Bei den vorliegenden Gutachten fanden beispielsweise die nach internationalen Standards gebräuchlichen ‚Ampelmodelle’ (Darstellung von Normal-, Grenz- und Inakzeptabel-Bereichen) keine Anwendung. Hierzu verweise ich auf die Verlautbarungen des Wissenschaftlichen Beirats für globale Umweltveränderungen, auf die allgemein zugängliche Fachliteratur (z.B. PIECHOWSKI 1999, RENN 2007, u. a.), auf das Arbeitspapier der Budapester Ministeriellen Konferenz Umwelt und Gesundheit (EUR/04/5046267/11), sowie auf das Diskussionspapier des Landesumweltamtes NRW „Im Zweifel für die Gesundheit“ (www.lanuv.nrw.de).
Es ist unbegreiflich, dass einige Gutachter ihrem Auftraggeber so erbötig sind, auch bei wenig belastbarer Ausgangslage weitreichende Voraussagen treffen, die den Anschein von Sicherheit erwecken, aber schwerwiegende Folgen nach sich ziehen können. Zur Anwendbarkeit des Vorsorgeprinzips hat sich das Europäische Parlament in Übereinstimmung mit der Europäischen Kommission in einer eigenen Entschließung (A5-0352/2000) wie folgt geäußert (www.europaparl.europa.eu):
Das Vorsorgeprinzip ist in all den Fällen anwendbar, in denen wissenschaftliche Beweise nicht ausreichen, keine eindeutigen Schlüsse zulassen oder unklar sind, begründeter Anlass zu Besorgnis über die Möglichkeit besteht, dass potentiell schädliche Folgen für die Umwelt und die Gesundheit von Menschen, Tieren und Pflanzen eintreten. Das Europäische Parlament ist der Ansicht, dass die öffentlichen Entscheidungsträger vor jeder Entscheidung über zu treffende Maßnahmen einen Überblick über die verfügbaren Erkenntnisse zum jeweiligen Risiko haben sollten, wobei dieser Überblick von Sachverständigen erstellt werden sollte, die unabhängig von den betroffenen Parteien sind, in der wissenschaftlichen Fachwelt wegen ihrer Kompetenz auf dem betreffenden Gebiet Anerkennung genießen und nach einem transparenten Verfahren ausgewählt werden. Das Europäische Parlament ist ferner der Ansicht, dass alle betroffenen Hauptbeteiligten, gegebenenfalls auch Vertreter der Zivilgesellschaft, in diesbezügliche politische Entscheidungen einzubeziehen sind und dass wissenschaftliche Minderheitenansichten berücksichtigt werden müssen. Der Schutz der menschlichen Gesundheit und der Umwelt muss Vorrang vor jeder anderen Erwägung haben. Es gibt keine Mindestrisikoschwelle, unterhalb derer das Vorsorgeprinzip nicht berücksichtigt werden muss; es kann daher selbst bei geringem Risiko herangezogen werden. Die Prüfung der Vor- und Nachteile darf nicht ausschließlich auf wirtschaftlichen oder finanziellen Kriterien beruhen, sondern es müssen zum Beispiel auch die Kosten der Untätigkeit für die Umwelt und die menschliche Gesundheit sowie die Risikowahrnehmung in der Bevölkerung und die Akzeptanz der in Betracht gezogenen Maßnahme berücksichtigt werden.

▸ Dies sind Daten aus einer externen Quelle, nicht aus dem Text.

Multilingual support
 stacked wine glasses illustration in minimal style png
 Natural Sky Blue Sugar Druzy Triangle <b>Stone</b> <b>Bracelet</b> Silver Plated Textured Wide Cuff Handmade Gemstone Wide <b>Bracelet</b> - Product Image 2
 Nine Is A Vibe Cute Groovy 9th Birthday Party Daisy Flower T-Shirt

In diesem Zusammenhang muss noch einmal auf eine Einlassung des STAUN-Vorbescheides (Nr. 0110.1-60.049/07-410, Anlage 2, Seite 100) zurückgekommen werden, wonach die Empfehlungen der Weltgesundheitsorganisation angeblich „keinen Rechtsanspruch begründen“ (Deutschland ist WHO-Mitglied seit 1951 und drittgrößter Beitragszahler). Mir ist bewusst, dass die Behörde keinen politischen Entscheidungsspielraum hat, und es mag sein, dass in dieser Sache formaljuristisch kein Rechtsinstrument verfügbar ist. Indessen wird die dargelegte politisch-rechtliche Lücke durch eine parlamentarische Debatte unverzüglich geschlossen werden müssen. Weil dies keinen Aufschub duldet, werden auch die Medien und die außerparlamentarische Opposition ihr Interesse bekunden.

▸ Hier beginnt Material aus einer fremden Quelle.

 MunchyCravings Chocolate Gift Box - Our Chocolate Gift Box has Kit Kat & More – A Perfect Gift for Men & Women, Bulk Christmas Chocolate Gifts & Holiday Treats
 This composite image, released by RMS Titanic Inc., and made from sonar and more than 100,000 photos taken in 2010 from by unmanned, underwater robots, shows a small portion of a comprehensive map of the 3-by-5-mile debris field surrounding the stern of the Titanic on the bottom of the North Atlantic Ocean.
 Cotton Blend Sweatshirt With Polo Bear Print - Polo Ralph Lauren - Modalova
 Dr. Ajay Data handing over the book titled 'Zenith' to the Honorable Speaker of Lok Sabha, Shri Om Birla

Auch die OZ? Daran zweifle ich bis zum Beweis. Ich bezweifle, dass sich die OZ in irgendeiner Weise aus den Einwendungen Vaters und anderer zu Themen anregen lässt, die keine andere Zeitung hat. Warum sollte sie das tun? Noch hat sie ausreichend Zeitungskäufer, auch wenn es immer weniger werden. Außerdem ist sie Zeitungsmonopolist, was allerdings langfristig nichts zu bedeuten haben wird; Sie wissen schon, das böseböse Internet.